Question

# The sum of three terms which are in arithmetic progression$A.P$ is $33$ , if the product of the ${1^{st}}$ and ${3^{rd}}$ terms exceeds the ${2^{nd}}$ term by 29, find $A.P$ .

Hint: In order to solve these type of question, firstly we have to find out the $a$ and difference between two consequent terms $d$ and assuming the first three terms of $A.P$ is $\left( {a - d} \right),a,\left( {a + d} \right)$.
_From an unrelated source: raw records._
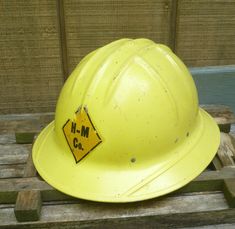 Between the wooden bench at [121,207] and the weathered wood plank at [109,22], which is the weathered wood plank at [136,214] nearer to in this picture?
the wooden bench at [121,207]

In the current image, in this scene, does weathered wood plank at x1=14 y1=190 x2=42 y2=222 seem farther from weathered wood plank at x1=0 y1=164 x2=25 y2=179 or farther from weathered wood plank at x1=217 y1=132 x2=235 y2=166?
weathered wood plank at x1=217 y1=132 x2=235 y2=166

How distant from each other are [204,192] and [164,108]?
56cm

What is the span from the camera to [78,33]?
2.58m

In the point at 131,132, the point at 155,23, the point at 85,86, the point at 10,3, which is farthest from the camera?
the point at 155,23

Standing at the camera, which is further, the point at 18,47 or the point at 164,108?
the point at 18,47

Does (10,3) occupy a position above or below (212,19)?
above

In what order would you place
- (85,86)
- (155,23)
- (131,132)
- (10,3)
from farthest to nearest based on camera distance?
(155,23)
(10,3)
(85,86)
(131,132)

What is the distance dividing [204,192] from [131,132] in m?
0.59

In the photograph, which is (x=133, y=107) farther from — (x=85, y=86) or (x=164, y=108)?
(x=85, y=86)

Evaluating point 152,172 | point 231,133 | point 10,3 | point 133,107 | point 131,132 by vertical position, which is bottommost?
point 231,133

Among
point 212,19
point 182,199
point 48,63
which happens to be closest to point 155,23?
point 212,19

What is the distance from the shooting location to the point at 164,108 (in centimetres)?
166

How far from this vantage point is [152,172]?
1.67 meters

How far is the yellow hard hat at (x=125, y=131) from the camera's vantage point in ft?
5.30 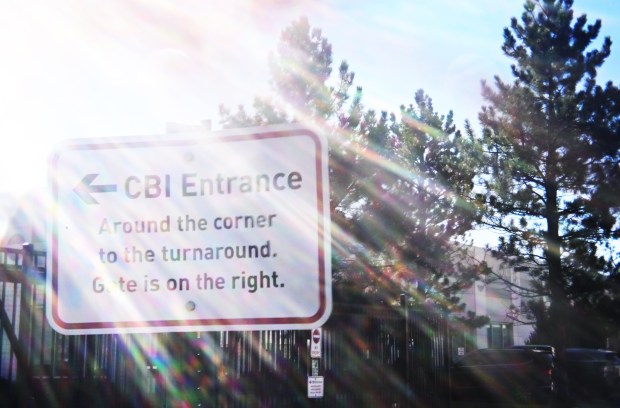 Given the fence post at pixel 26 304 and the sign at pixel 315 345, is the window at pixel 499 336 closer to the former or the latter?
the sign at pixel 315 345

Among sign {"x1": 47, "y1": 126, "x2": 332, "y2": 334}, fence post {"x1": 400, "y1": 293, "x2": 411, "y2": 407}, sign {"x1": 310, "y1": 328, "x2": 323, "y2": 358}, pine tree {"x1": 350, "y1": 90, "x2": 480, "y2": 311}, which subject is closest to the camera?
sign {"x1": 47, "y1": 126, "x2": 332, "y2": 334}

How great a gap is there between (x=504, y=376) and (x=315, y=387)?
1383 cm

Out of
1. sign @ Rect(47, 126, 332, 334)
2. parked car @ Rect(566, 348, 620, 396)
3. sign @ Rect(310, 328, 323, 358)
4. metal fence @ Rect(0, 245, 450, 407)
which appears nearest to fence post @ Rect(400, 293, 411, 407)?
metal fence @ Rect(0, 245, 450, 407)

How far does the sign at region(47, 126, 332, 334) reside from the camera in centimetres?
193

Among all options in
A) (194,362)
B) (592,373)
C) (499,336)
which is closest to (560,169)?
(592,373)

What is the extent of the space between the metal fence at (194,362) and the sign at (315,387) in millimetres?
314

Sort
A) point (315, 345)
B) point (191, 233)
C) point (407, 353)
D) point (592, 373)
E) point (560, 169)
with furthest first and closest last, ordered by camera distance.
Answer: point (592, 373)
point (560, 169)
point (407, 353)
point (315, 345)
point (191, 233)

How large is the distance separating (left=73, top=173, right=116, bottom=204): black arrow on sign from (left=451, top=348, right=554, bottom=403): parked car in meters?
17.6

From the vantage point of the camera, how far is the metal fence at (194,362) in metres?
5.70

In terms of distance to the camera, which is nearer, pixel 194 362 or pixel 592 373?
pixel 194 362

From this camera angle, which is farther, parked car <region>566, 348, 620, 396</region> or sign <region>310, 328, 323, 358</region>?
parked car <region>566, 348, 620, 396</region>

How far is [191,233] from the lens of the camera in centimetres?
199

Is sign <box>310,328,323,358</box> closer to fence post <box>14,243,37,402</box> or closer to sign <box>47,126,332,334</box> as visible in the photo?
fence post <box>14,243,37,402</box>

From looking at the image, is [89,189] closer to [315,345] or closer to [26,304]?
[26,304] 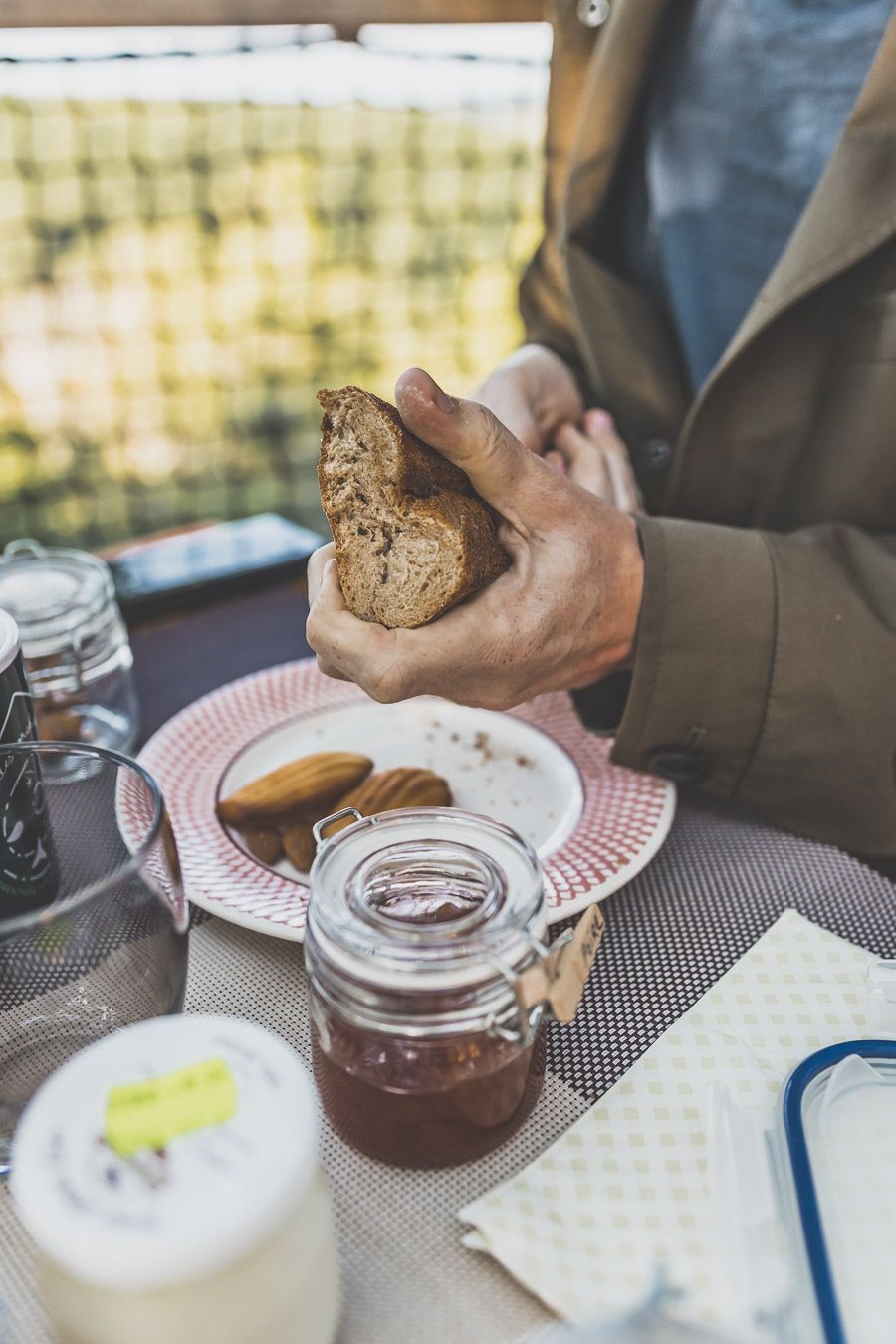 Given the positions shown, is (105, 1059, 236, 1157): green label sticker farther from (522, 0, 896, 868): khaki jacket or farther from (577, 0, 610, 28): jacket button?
(577, 0, 610, 28): jacket button

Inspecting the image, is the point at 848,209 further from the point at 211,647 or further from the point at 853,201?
the point at 211,647

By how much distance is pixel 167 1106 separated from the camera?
0.49 metres

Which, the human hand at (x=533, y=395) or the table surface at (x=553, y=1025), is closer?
the table surface at (x=553, y=1025)

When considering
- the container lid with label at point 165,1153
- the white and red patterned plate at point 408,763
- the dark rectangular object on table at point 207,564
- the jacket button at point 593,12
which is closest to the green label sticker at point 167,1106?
the container lid with label at point 165,1153

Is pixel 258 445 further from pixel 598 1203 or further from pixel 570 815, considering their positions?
pixel 598 1203

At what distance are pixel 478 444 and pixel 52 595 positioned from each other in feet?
1.98

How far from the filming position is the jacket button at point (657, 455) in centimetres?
144

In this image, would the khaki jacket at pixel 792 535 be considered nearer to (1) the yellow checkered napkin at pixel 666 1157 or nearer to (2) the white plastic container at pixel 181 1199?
(1) the yellow checkered napkin at pixel 666 1157

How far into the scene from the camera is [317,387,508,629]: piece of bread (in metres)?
0.86

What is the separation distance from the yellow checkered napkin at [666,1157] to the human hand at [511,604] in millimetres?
309

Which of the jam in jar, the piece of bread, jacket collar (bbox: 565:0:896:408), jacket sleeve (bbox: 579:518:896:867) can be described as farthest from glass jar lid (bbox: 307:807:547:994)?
jacket collar (bbox: 565:0:896:408)

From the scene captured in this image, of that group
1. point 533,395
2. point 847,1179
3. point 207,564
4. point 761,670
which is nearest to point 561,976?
point 847,1179

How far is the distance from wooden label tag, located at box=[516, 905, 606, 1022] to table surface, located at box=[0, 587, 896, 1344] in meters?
0.14

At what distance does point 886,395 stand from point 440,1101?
0.90 metres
Assuming , second term $= a$ ,common difference$= d$
Given, That the sum of three terms is $33.$
Now,
$\left( {a - d} \right) + a + \left( {a + d} \right) = 33$
Now, opening the brackets.
Or $a - d + a + a + d = 33$
Or $3a = 33$
$a = 11 - - - - - - \left( 1 \right)$
Now, according to the given question if the product of the ${1^{st}}$ and ${3^{rd}}$ terms exceeds the ${2^{nd}}$ term by 29.
So, we have to add $29$ on $R.H.S$ or in $a$ to balance the equation .
$\left( {a - d} \right) \times \left( {a + d} \right) = a + 29$
Or ${a^2} - {d^2} = a + 29$
Substituting the value of $a$ from(1) we get
Or ${11^2} - {d^2} = 11 + 29$
Or $121 - 40 = {d^2}$
Or ${d^2} = 81$
$d = \pm 9 - - - - - \left( 2 \right)$
Due to two different values of $d$ there are two cases for arithmetic progression.
Case 1,
If $a = 11,d = 9$
$\left( {a + d} \right) = 11 + 9 = 20$
$\left( {a - d} \right) = 11 - 9 = 2$
Therefore, arithmetic progression is $2,11,20,29,38........$
Case 2,
If $a = 11,b = - 9$
$\left( {a + d} \right) = 11 + \left( { - 9} \right) = 2$
$\left( {a - d} \right) = 11 - \left( { - 9} \right) = 20$
Therefore arithmetic progression is $20,11,2, - 7, - 16..........$

Note: Whenever we face these type of question the key concept is that we know that the arithmetic progression series $\left( {a - d} \right),a,\left( {a + d} \right)$ then we have to find out the common difference of two terms using $a$ and after getting both $a$ and $d$ put their value in $A.P$ and we will get our desired answer.